Closed narspt closed 1 year ago

narspt commented 2 years ago

This small patch fixes frame sequence applied by UpdatePids() (i.e. for streams initiated on different mode), m_uiPacketCntr should not be incremented by dv header packet else sequence for dv frames will start at 1 instead of 0 as it should.

This caused even further issues for DMR/YSF: with m_uiDmrPacketSubid and m_uiYsfPacketSubId also being calculated from the above, actually if we have for example a stream initiated on D-Star, 1st and 2nd dv frames would be transcoded to 2nd and 3rd AMBE frames of the DMR "triplet", the 1st AMBE frame would be the one stored at m_StreamsCache from the previous stream! and... frame sequence on EncodeDvPacket() being picked from that DvFrame0 (the one from previous stream), then something random...

The wrong frame sequence caused all DMR streams (when initiated on different mode, else original sequence is preserved) to show up on MMDVMHost as having packet loss.

(m_uiYsfPacketFrameId and m_uiImrsPacketFrameId are adjusted to match the change, as these should remain 0 for header packet and 1, 2, ... for dv packets)

K2IE commented 2 years ago

Trying on XLX020, seems to be working nicely so far.

F4FXL commented 1 year ago

Does this fix the error where ambed shows following errors Feb 7 06:44:49 xlxtranscode ambed[7539]: 0 of 0 packets lost and xlxd this error ? Feb 6 19:17:49 vps-46ac4de0 xlxd: ambed 71 of 38 packets timed out

narspt commented 1 year ago

No, not related at all to the fix in this PR... but... concerning "your" problem, I did check it before and actually the code to count ambed timedout packets does that in a very wrong way, if you look at ccodecstream.cpp, at end of CCodecStream::Task() you can see what it does is just: if not getting packets from ambed after timeout (400ms) then it just starts incrementing the supposed number of timedout packets like crazy every 5ms (due to the 5ms timeout of m_Socket.Receive above), without taking in account the actual number of packets sent to ambed and not even dropping (or sending them back as-is without transcoding) these "waiting for transcoding" packets from queue, but just counting again and again and again... then you get a very inflated and false number of timedout packets... Latency stats are also fully false values as all it does is calc time difference from last packet sent to ambed to some packet being received from ambed, not meaning at all that both are same packet... Also if I remember correctly if you have considerable latency between xlxd and ambed then for very short transmissions (just quick keying ptt) you will always get timedout packets count and the infamous -1000 on stats, it's "normal" due to stream being closed even before getting anything back from ambed.
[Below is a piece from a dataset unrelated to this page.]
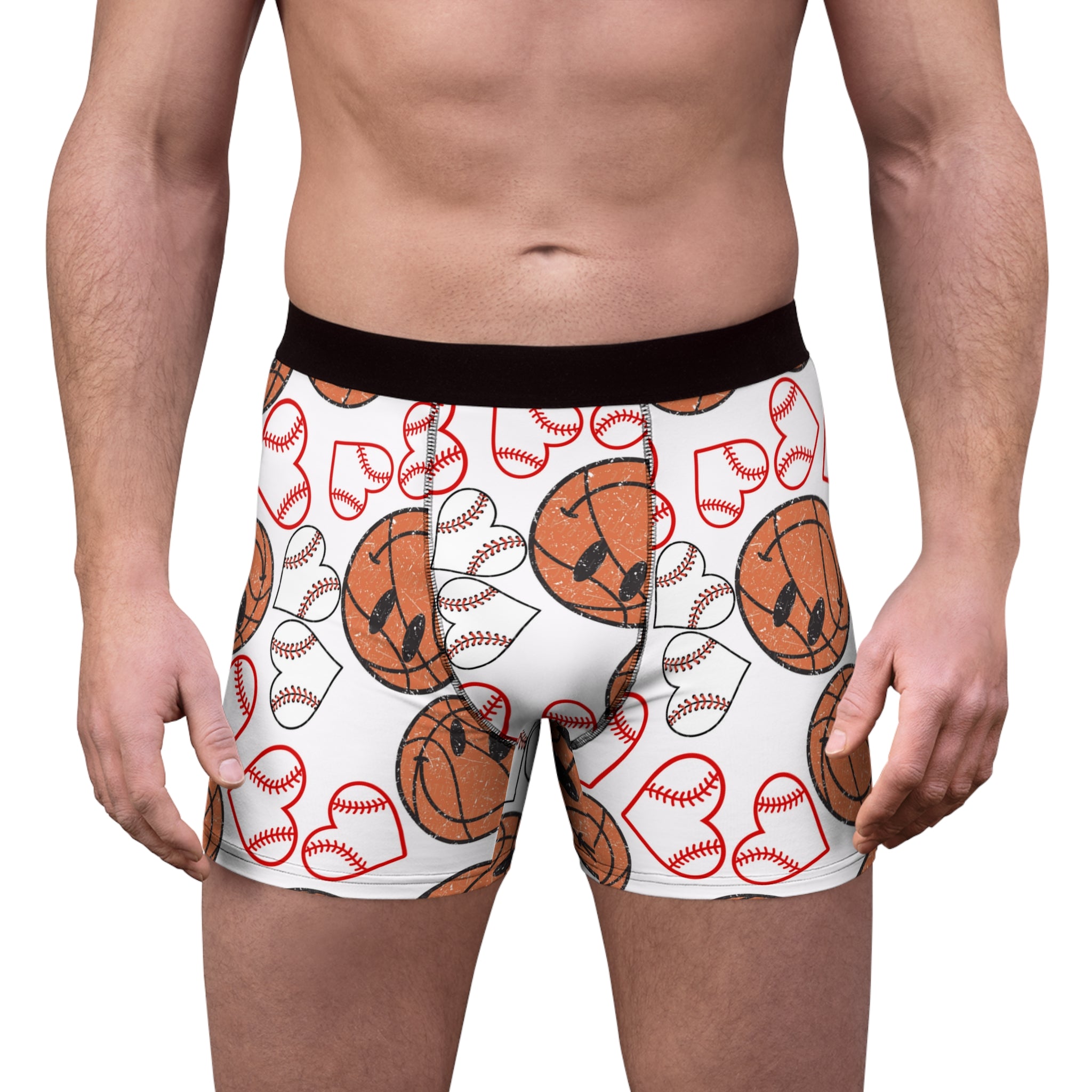 Men's boxer briefs BasketBall hearts valentine white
It's not easy to make it fully perfect because we can't easily rely on a packet id preserved after transcoding but I was working on an improvement, I did never submit it as a PR as I got no much time to fully test it and there was still something I wanted to improve but if you want to look/test check this branch: https://github.com/narspt/xlxd/commits/patch-21 (note that changes there will also bypass transcoding for timedout packets instead of freezing stream, so that users on the same mode can still communicate if ambed stops replying)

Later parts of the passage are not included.